* Task brief
Return the whole listing, line for line, without the pictures in it.

* Supplied data

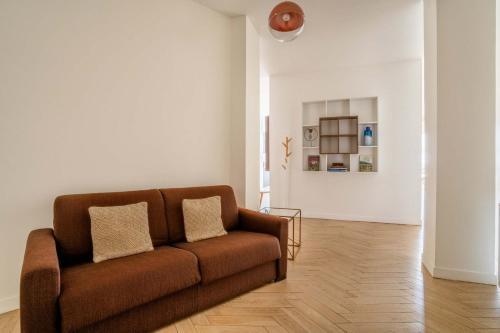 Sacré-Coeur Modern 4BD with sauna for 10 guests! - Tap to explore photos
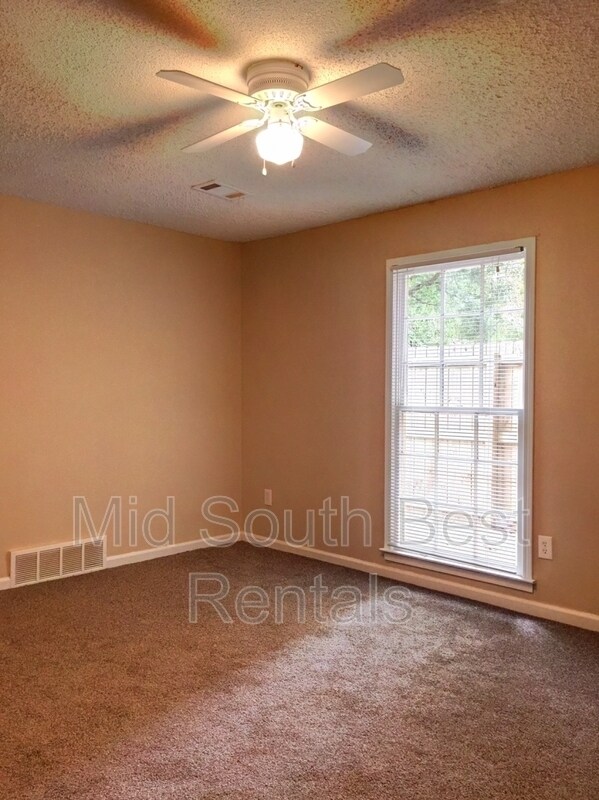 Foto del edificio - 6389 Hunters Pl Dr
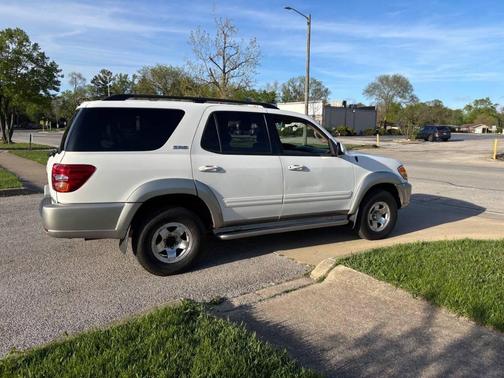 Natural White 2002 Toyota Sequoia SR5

* Written response
 Sacré-Coeur Modern 4BD with sauna for 10 guests! - Tap to explore photos
 Foto del edificio - 6389 Hunters Pl Dr
 Natural White 2002 Toyota Sequoia SR5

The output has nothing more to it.